Exercise → Word for word, repeat every entry that appears below.

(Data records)
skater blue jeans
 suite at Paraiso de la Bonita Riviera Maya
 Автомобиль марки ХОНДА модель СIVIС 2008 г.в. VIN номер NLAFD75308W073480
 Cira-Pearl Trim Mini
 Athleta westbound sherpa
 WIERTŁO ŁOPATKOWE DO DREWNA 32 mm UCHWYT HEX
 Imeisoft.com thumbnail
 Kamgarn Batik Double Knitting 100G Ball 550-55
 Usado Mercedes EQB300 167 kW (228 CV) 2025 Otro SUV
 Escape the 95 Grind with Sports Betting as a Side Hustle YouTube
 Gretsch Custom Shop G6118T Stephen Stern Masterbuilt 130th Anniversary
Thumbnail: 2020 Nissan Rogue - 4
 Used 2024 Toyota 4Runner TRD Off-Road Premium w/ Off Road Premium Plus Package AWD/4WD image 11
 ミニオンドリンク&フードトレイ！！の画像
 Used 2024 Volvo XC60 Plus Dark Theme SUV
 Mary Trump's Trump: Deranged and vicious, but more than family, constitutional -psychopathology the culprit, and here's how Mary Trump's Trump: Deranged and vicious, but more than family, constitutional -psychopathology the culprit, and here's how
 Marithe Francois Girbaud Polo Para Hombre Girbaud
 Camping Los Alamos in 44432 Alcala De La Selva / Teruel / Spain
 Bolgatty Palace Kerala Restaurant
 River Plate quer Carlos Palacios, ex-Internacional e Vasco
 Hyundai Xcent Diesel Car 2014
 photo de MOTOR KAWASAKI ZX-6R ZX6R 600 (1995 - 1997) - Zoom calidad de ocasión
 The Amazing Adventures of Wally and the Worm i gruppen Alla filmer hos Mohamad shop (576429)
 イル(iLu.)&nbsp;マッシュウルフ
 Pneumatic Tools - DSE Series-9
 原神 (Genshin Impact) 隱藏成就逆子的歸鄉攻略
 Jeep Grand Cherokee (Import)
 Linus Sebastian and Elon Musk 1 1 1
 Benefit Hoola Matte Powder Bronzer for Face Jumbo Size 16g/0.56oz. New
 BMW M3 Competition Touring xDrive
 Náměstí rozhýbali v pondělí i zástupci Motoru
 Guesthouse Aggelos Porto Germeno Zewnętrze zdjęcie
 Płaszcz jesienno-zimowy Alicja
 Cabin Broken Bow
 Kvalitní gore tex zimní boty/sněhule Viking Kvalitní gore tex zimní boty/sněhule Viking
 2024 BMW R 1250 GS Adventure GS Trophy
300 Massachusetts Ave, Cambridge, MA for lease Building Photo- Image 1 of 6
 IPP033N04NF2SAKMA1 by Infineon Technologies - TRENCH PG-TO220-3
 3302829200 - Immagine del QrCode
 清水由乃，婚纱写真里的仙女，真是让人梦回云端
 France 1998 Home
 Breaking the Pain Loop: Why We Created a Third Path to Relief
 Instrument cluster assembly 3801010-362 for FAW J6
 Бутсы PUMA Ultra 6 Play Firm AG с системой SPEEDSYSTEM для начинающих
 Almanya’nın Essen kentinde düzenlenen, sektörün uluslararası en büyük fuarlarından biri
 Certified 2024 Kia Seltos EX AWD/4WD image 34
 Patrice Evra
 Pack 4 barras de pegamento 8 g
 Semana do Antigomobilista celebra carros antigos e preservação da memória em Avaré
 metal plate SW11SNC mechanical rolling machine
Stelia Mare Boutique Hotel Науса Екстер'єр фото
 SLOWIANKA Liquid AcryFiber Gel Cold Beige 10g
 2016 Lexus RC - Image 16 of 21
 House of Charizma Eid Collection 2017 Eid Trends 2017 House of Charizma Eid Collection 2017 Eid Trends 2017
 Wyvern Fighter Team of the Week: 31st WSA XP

Response →
skater blue jeans
 suite at Paraiso de la Bonita Riviera Maya
 Автомобиль марки ХОНДА модель СIVIС 2008 г.в. VIN номер NLAFD75308W073480
 Cira-Pearl Trim Mini
 Athleta westbound sherpa
 WIERTŁO ŁOPATKOWE DO DREWNA 32 mm UCHWYT HEX
 Imeisoft.com thumbnail
 Kamgarn Batik Double Knitting 100G Ball 550-55
 Usado Mercedes EQB300 167 kW (228 CV) 2025 Otro SUV
 Escape the 95 Grind with Sports Betting as a Side Hustle YouTube
 Gretsch Custom Shop G6118T Stephen Stern Masterbuilt 130th Anniversary
Thumbnail: 2020 Nissan Rogue - 4
 Used 2024 Toyota 4Runner TRD Off-Road Premium w/ Off Road Premium Plus Package AWD/4WD image 11
 ミニオンドリンク&フードトレイ！！の画像
 Used 2024 Volvo XC60 Plus Dark Theme SUV
 Mary Trump's Trump: Deranged and vicious, but more than family, constitutional -psychopathology the culprit, and here's how Mary Trump's Trump: Deranged and vicious, but more than family, constitutional -psychopathology the culprit, and here's how
 Marithe Francois Girbaud Polo Para Hombre Girbaud
 Camping Los Alamos in 44432 Alcala De La Selva / Teruel / Spain
 Bolgatty Palace Kerala Restaurant
 River Plate quer Carlos Palacios, ex-Internacional e Vasco
 Hyundai Xcent Diesel Car 2014
 photo de MOTOR KAWASAKI ZX-6R ZX6R 600 (1995 - 1997) - Zoom calidad de ocasión
 The Amazing Adventures of Wally and the Worm i gruppen Alla filmer hos Mohamad shop (576429)
 イル(iLu.)&nbsp;マッシュウルフ
 Pneumatic Tools - DSE Series-9
 原神 (Genshin Impact) 隱藏成就逆子的歸鄉攻略
 Jeep Grand Cherokee (Import)
 Linus Sebastian and Elon Musk 1 1 1
 Benefit Hoola Matte Powder Bronzer for Face Jumbo Size 16g/0.56oz. New
 BMW M3 Competition Touring xDrive
 Náměstí rozhýbali v pondělí i zástupci Motoru
 Guesthouse Aggelos Porto Germeno Zewnętrze zdjęcie
 Płaszcz jesienno-zimowy Alicja
 Cabin Broken Bow
 Kvalitní gore tex zimní boty/sněhule Viking Kvalitní gore tex zimní boty/sněhule Viking
 2024 BMW R 1250 GS Adventure GS Trophy
300 Massachusetts Ave, Cambridge, MA for lease Building Photo- Image 1 of 6
 IPP033N04NF2SAKMA1 by Infineon Technologies - TRENCH PG-TO220-3
 3302829200 - Immagine del QrCode
 清水由乃，婚纱写真里的仙女，真是让人梦回云端
 France 1998 Home
 Breaking the Pain Loop: Why We Created a Third Path to Relief
 Instrument cluster assembly 3801010-362 for FAW J6
 Бутсы PUMA Ultra 6 Play Firm AG с системой SPEEDSYSTEM для начинающих
 Almanya’nın Essen kentinde düzenlenen, sektörün uluslararası en büyük fuarlarından biri
 Certified 2024 Kia Seltos EX AWD/4WD image 34
 Patrice Evra
 Pack 4 barras de pegamento 8 g
 Semana do Antigomobilista celebra carros antigos e preservação da memória em Avaré
 metal plate SW11SNC mechanical rolling machine
Stelia Mare Boutique Hotel Науса Екстер'єр фото
 SLOWIANKA Liquid AcryFiber Gel Cold Beige 10g
 2016 Lexus RC - Image 16 of 21
 House of Charizma Eid Collection 2017 Eid Trends 2017 House of Charizma Eid Collection 2017 Eid Trends 2017
 Wyvern Fighter Team of the Week: 31st WSA XP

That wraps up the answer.